* _Work to be completed_
Lines outside the range are not wanted. Give again exactly the lines between the line holding "Black / Light" and the line holding "8022 CANYON LAKE CIRCLE, Orlando, FL 32835", inclusive, from the listing below.

* _Listed records_
--- START ---

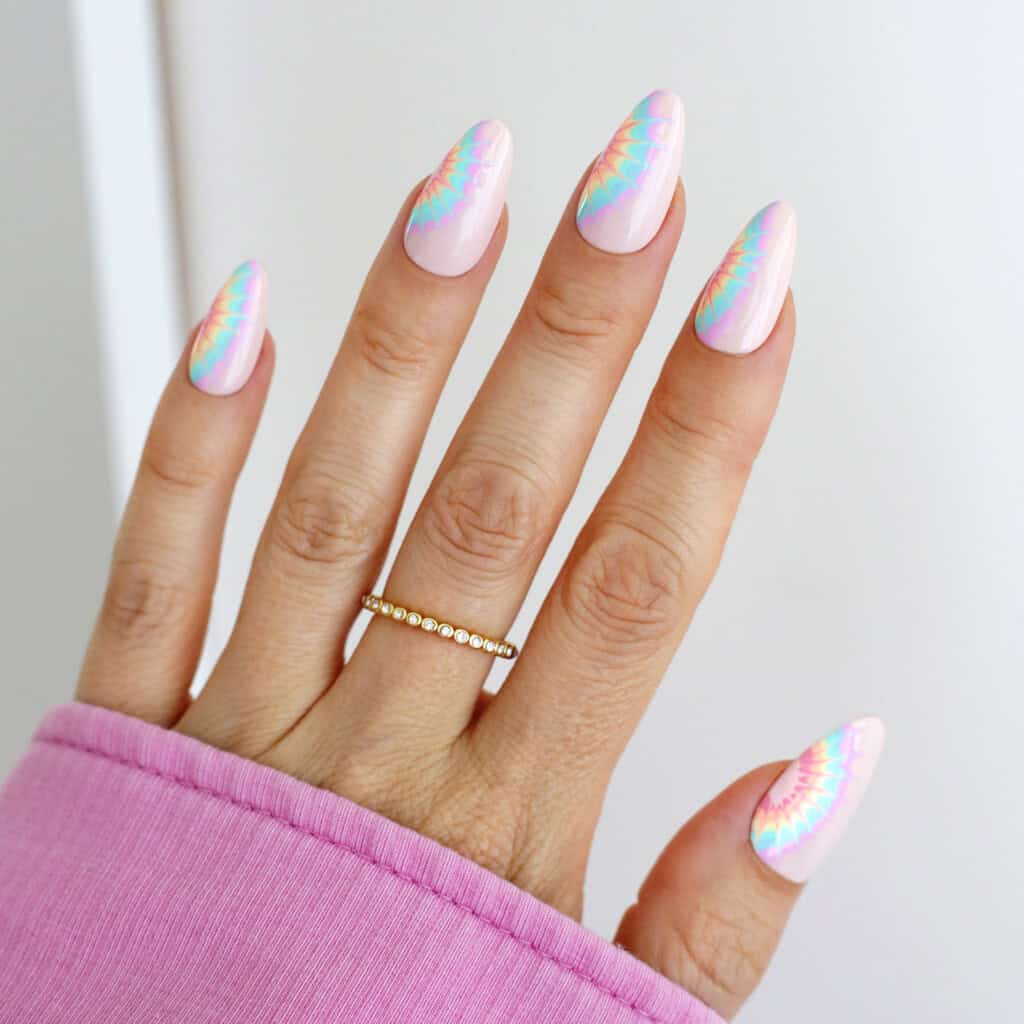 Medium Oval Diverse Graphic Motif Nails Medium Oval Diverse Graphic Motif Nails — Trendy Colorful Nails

--- END ---
--- START ---

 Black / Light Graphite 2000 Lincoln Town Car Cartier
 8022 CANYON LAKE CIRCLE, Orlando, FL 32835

--- END ---

* _Answer to this exercise_
 Black / Light Graphite 2000 Lincoln Town Car Cartier
 8022 CANYON LAKE CIRCLE, Orlando, FL 32835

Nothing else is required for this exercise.